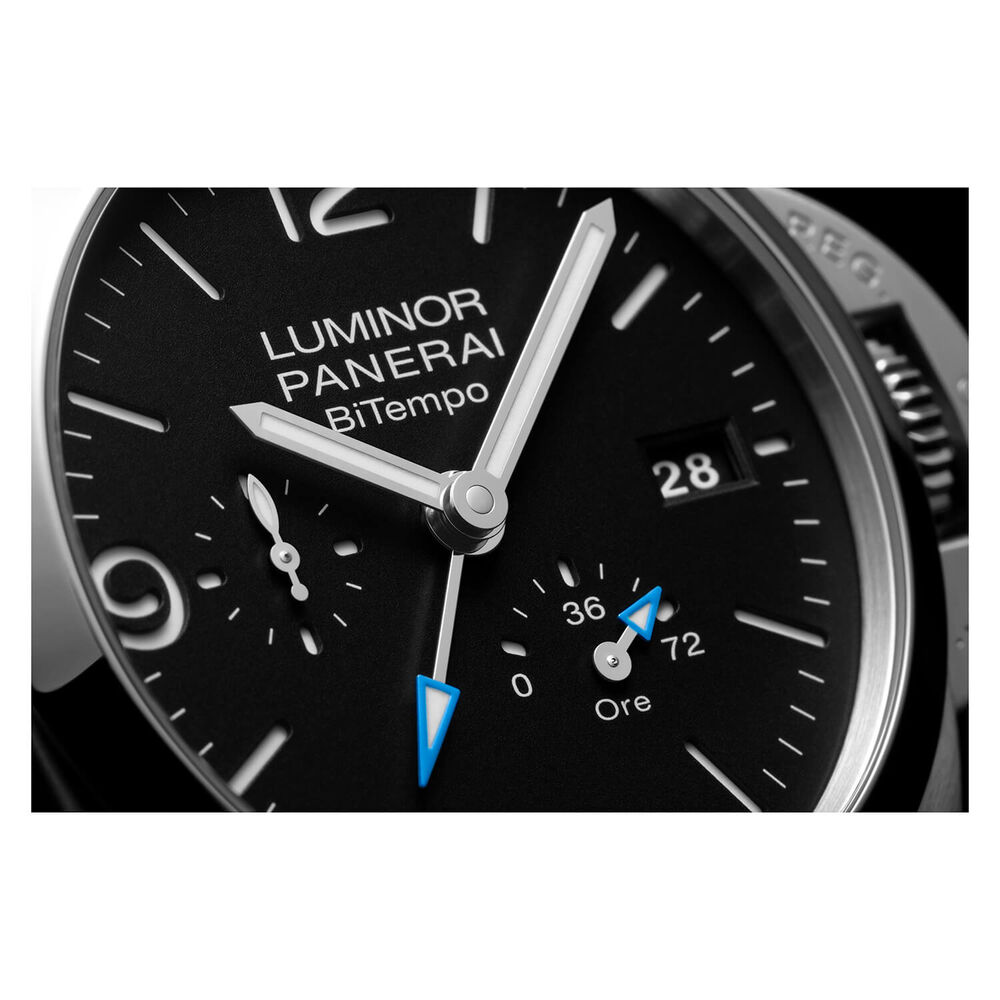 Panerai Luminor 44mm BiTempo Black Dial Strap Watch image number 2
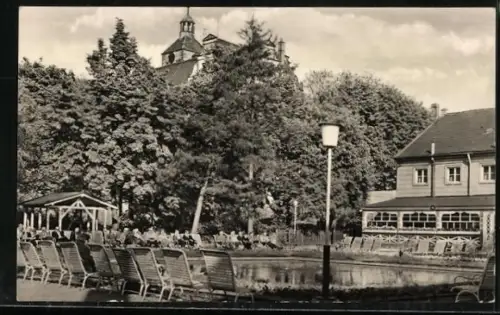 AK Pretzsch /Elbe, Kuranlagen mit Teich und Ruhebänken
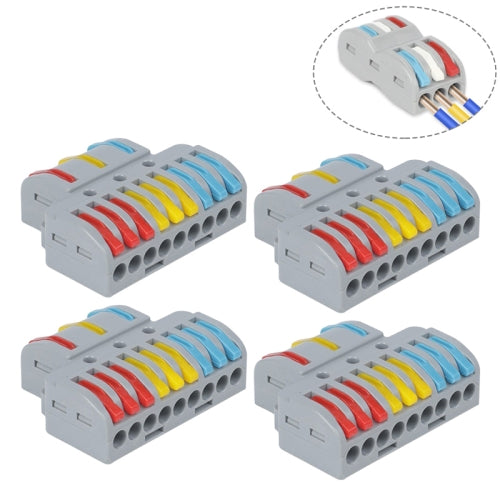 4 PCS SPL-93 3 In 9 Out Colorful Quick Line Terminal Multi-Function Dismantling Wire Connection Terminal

§ Task objective:
Go through the listing above and quote it exactly, apart from its images.

§ Task solution:
 Panerai Luminor 44mm BiTempo Black Dial Strap Watch image number 2
 AK Pretzsch /Elbe, Kuranlagen mit Teich und Ruhebänken
 4 PCS SPL-93 3 In 9 Out Colorful Quick Line Terminal Multi-Function Dismantling Wire Connection Terminal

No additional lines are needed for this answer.